WORK REQUEST. Please return the listing below exactly, without any of its pictures.

GIVEN DATA.
***

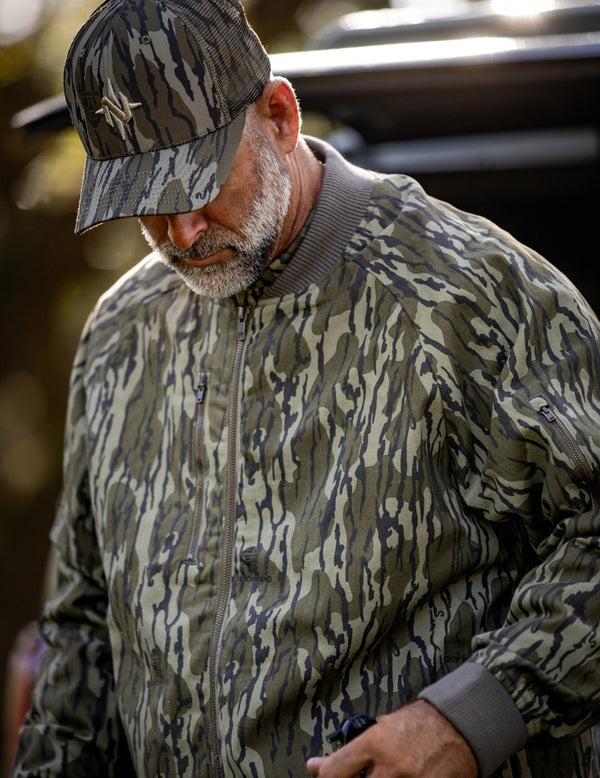 Nomad Outdoor Rub Line Bomber Jacket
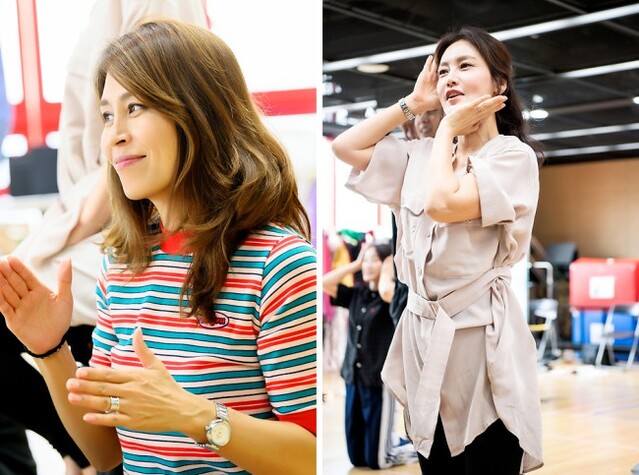 ▲ '마가렛' 역 최정원과 김선영.ⓒ쇼노트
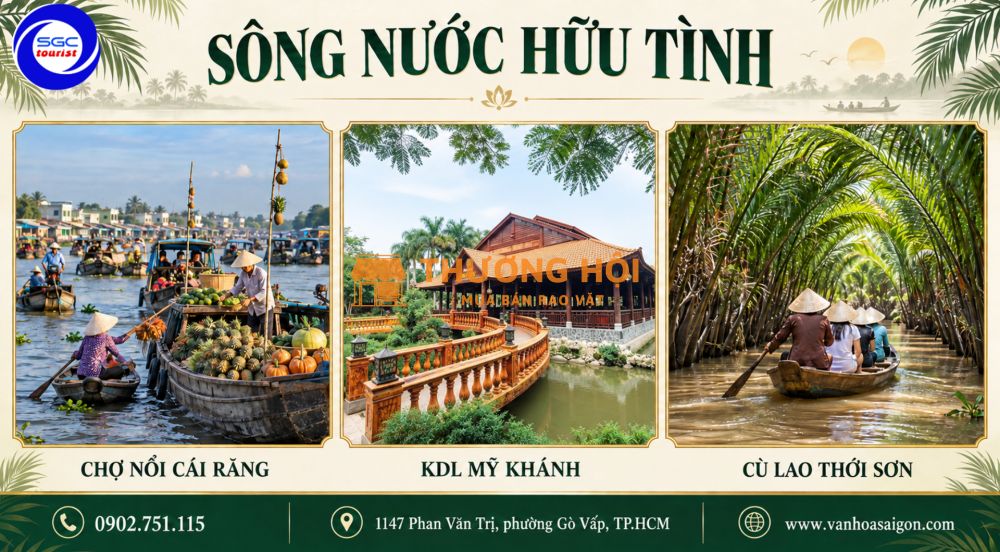 MỸ THO – CHÂU ĐỐC – CẦN THƠ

***

OUTPUT FOR THIS TASK.
 Nomad Outdoor Rub Line Bomber Jacket
 ▲ '마가렛' 역 최정원과 김선영.ⓒ쇼노트
 MỸ THO – CHÂU ĐỐC – CẦN THƠ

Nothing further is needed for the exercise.